Hari ini aku bertanya pada seorang murid.
“Apakah kamu senang jika bulan Ramadhan datang?”
“Oya! Sangat suka!” jawabnya dengan penuh semangat.
Aku penasaran dengan semangat empat puluh limanya. Kira-kira apa yang diketahui oleh seorang anak kecil kelas satu SD tentang bulan puasa?
“Wah, semangat sekali! Coba kamu sebutkan hal yang kamu suka ketika bulan puasa tiba!”
Dengan wajah polos dia menjawab, ”Kalau berbuka pasti ada es buah, aku minta makanan kesukaan pasti dituruti mama. Ada lagi, yaitu dapat ang pau saat Lebaran.”
Akupun tersenyum. Semua pasti senang dengan ang pau Lebaran.
Melintas dalam pikiranku. Sebenarnya sejak kapan ada kebiasaan memberi ang pau saat Lebaran?

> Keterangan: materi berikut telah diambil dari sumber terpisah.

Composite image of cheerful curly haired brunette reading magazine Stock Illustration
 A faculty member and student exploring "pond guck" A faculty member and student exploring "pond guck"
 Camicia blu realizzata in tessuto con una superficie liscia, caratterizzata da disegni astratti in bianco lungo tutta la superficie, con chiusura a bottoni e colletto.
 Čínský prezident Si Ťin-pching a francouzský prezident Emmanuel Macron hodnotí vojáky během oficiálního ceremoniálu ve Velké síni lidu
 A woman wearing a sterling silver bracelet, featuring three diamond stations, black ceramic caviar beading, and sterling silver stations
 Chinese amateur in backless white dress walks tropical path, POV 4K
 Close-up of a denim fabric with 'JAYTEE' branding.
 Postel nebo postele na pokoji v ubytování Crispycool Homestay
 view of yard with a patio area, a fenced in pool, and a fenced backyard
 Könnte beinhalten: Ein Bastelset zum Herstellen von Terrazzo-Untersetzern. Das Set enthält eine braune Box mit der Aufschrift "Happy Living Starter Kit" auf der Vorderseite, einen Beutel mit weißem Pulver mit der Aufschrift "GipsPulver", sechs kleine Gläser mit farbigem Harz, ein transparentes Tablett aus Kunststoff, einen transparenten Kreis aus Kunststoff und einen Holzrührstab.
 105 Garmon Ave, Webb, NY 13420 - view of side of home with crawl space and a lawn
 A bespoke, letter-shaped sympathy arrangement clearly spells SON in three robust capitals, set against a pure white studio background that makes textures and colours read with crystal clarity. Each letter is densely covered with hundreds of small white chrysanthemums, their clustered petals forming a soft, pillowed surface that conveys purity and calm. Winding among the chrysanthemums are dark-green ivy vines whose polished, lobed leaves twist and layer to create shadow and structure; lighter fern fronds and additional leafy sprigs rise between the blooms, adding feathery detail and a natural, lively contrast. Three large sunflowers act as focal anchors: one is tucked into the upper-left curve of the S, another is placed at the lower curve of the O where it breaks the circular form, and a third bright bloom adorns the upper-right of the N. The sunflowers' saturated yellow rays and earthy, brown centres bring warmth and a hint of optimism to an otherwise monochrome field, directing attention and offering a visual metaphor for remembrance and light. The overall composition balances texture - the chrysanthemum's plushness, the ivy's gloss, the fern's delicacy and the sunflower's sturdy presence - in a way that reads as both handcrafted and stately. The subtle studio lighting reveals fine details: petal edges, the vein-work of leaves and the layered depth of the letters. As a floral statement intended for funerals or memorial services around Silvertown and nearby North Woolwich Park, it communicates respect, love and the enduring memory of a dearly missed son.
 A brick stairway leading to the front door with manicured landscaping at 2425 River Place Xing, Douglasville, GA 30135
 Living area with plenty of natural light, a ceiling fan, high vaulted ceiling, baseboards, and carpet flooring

Menurut seorang budayawan, berbagi ang pau pada hari Lebaran bukan budaya asli Islam, melainkan budaya asli China yang telah berbaur dengan budaya kita. Namun jangan salah, bangsa Arab juga mengenal berbagi ang pau pada hari raya. Tradisi ini disebut eidiyah, yaitu tradisi berbagi hadiah setelah salat Idul Fitri atau Idul Adha.
Tradisi eidiyah berkembang pada abad pertengahan, saat kekhalifahan Fatimiyah. Kala itu, pada hari pertama Idul Fitri. Khalifah Fatimiyah membagi-bagikan permen, uang, dan pakaian kepada anak-anak dan orang tua. Kebiasaan ini terus berlangsung hingga akhir kepemimpinan Ottoman, bentuknya tidak lagi berupa permen dan pakaian, melainkan uang tunai dengan pecahan kecil-kecil. Pada perkembangan selanjutnya, eidiyah tidak saja berupa uang tunai tetapi ada juga orang tua yang memberikannya dalam bentuk pakaian dan barang mewah lainnya.
Terlepas dari sejarah ang pau, berbagi hadiah dan saling memberi dalam bentuk apa pun telah ada sejak dalam zaman Rasulullah. Menurut Rasulullah saw. saling memberi akan mendatangkan kebahagiaan kepada setiap orang.